PERF: Native version of `is_hashable` #59565

Tolker-KU · 2024-08-20T18:43:09Z

closes #xxxx (Replace xxxx with the GitHub issue number)
Tests added and passed if fixing a bug or adding a new feature
All code checks passed.
Added type annotations to new arguments/methods/functions.
Added an entry in the latest doc/source/whatsnew/vX.X.X.rst file if fixing a bug or adding a new feature.

Add native version of is_hashable(...) for some marginal performance improvements.

jbrockmendel · 2024-08-20T20:38:31Z

pandas/_libs/lib.pyx

+    # fail this test.
+
+    # Reconsider this decision once this numpy bug is fixed:
+    # https://github.com/numpy/numpy/issues/5562


looks like this issue has been closed. maybe this can be reconsidered?

I've benchmarked a version using isinstance(obj, collections.abc.Hashable).
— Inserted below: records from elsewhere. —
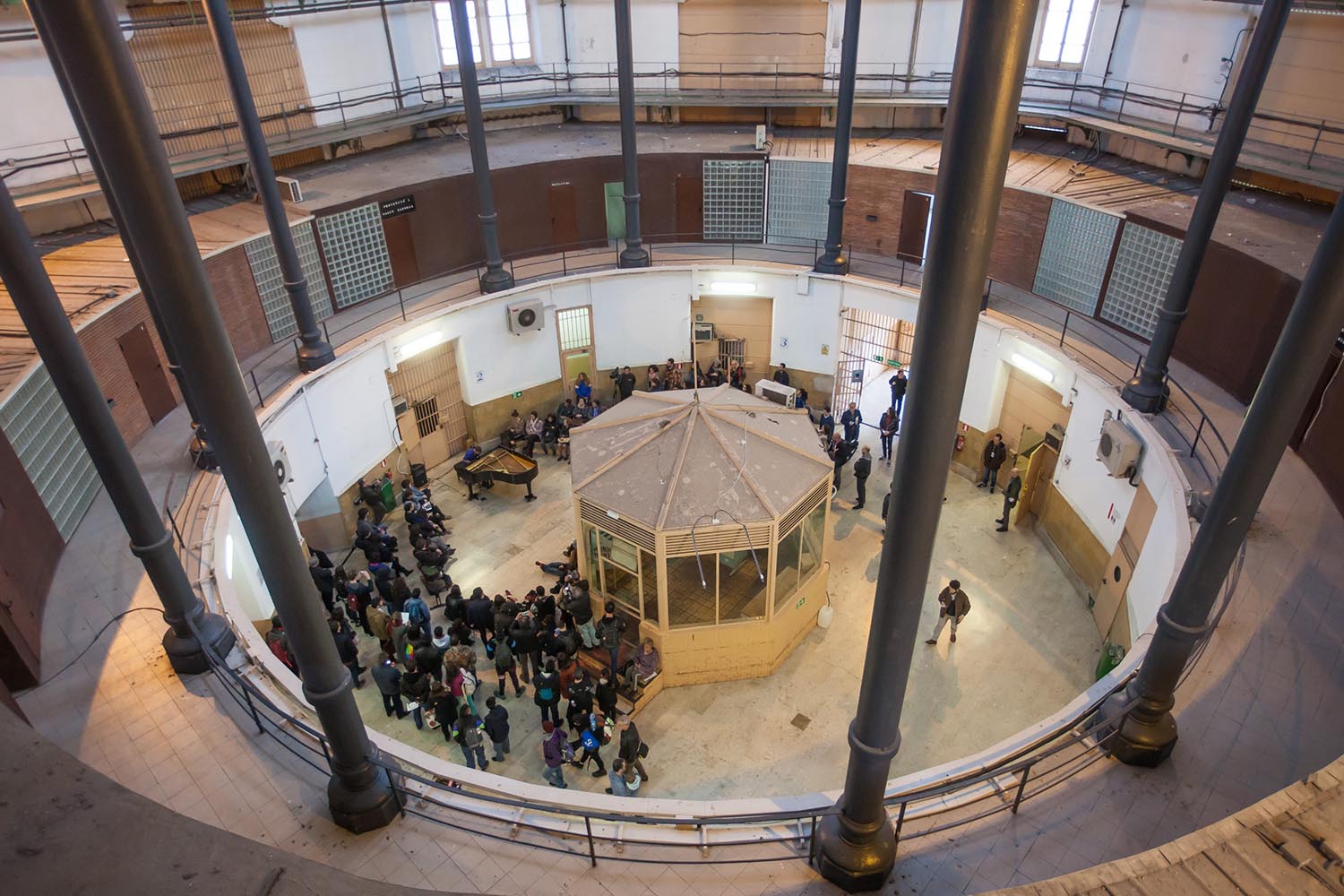 POLITICAOTROS ESCENARIOS POSIBLESVEUS EMMORDASSADES - VOCES AMORDAZADASPRISION MODEL MODELO DE BARCELONALA LIBERTAD DE EXPRESION EN LA PRISIONNO CALLAREMCONCIERTO  DE PIANO SOLOCLARA PEYACOLABORACION VALTONYCFOTO MARTI FRADERA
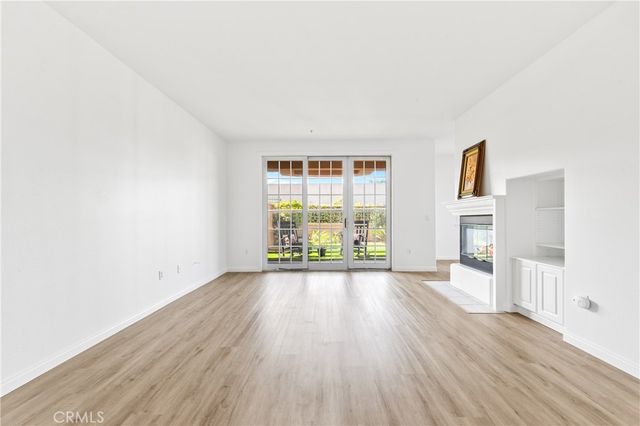 5142 Warner 112, Huntington Beach, CA 92649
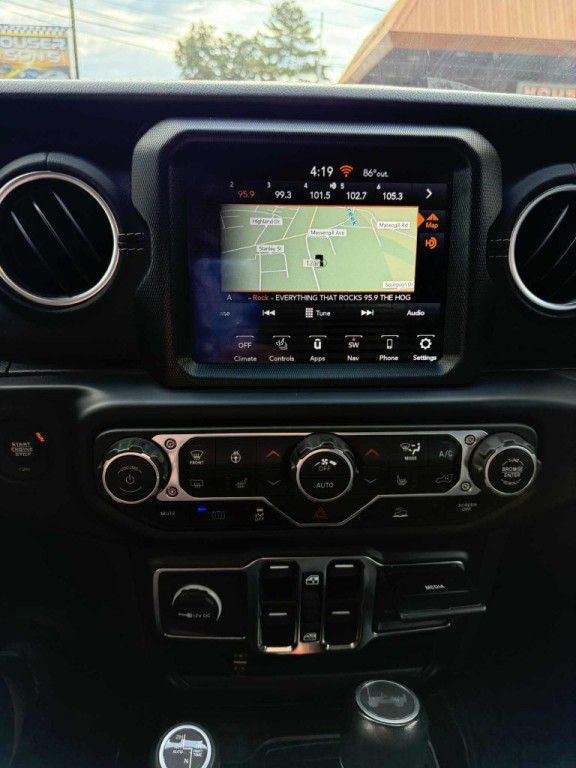 2023 Jeep Wrangler Image 15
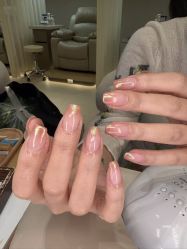-情同手足美甲美睫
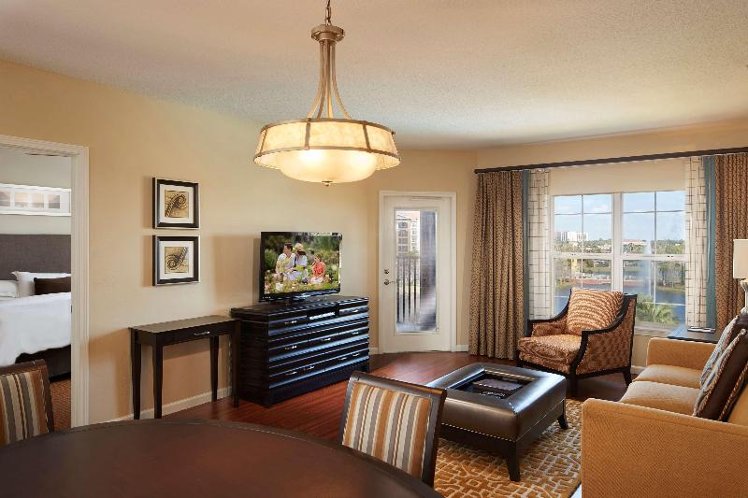 SUITE KING SIZE BED Room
It is considerably slower than the current python implementation (~2x)

jbrockmendel · 2024-08-20T20:38:50Z

Can you provide some measurements on the perf impact?

Tolker-KU · 2024-08-21T19:21:22Z

Can you provide some measurements on the perf impact?

I've benchmarked the current pure Python implementation against two different Cython versions with the following results. Overall the proposed cython version is twice a fast as the pure python version in the happy path and 10x faster in the exceptional path. The proposed cython version is ~33 % faster than the simple Cython version in the happy and 10x faster in the exceptional path

def is_hashable(obj: object) -> bool:
    try:
        hash(obj)
    except TypeError:
        return False
    else:
        return True


cpdef bint c_is_hashable(object obj) noexcept:
    if PyLong_CheckExact(obj) or PyFloat_CheckExact(obj) or PyUnicode_CheckExact(obj):
        return True

    if PyTuple_CheckExact(obj) or PyFrozenSet_CheckExact(obj):
        for o in obj:
            if not c_is_hashable(o):
                return False
        return True

    if PyAnySet_CheckExact(obj) or PyDict_CheckExact(obj) or PyList_CheckExact(obj):
        return False

    try:
        hash(obj)
    except TypeError:
        return False
    else:
        return True


cpdef bint c_is_hashable2(object obj) noexcept:
    try:
        hash(obj)
    except TypeError:
        return False
    else:
        return True


for obj in (2, "hello world", ("hello", "world", 1, 2.0), ([],), np.int64(5), []):
    print(repr(obj))
    %timeit is_hashable(obj)
    %timeit c_is_hashable(obj)
    %timeit c_is_hashable2(obj)
    print("")
 
>>> 2
>>> 58.8 ns ± 0.344 ns per loop (mean ± std. dev. of 7 runs, 10,000,000 loops each)
>>> 33.3 ns ± 0.333 ns per loop (mean ± std. dev. of 7 runs, 10,000,000 loops each)
>>> 47.9 ns ± 0.284 ns per loop (mean ± std. dev. of 7 runs, 10,000,000 loops each)

>>> 'hello world'
>>> 75.4 ns ± 0.703 ns per loop (mean ± std. dev. of 7 runs, 10,000,000 loops each)
>>> 33.7 ns ± 0.561 ns per loop (mean ± std. dev. of 7 runs, 10,000,000 loops each)
>>> 42.1 ns ± 0.508 ns per loop (mean ± std. dev. of 7 runs, 10,000,000 loops each)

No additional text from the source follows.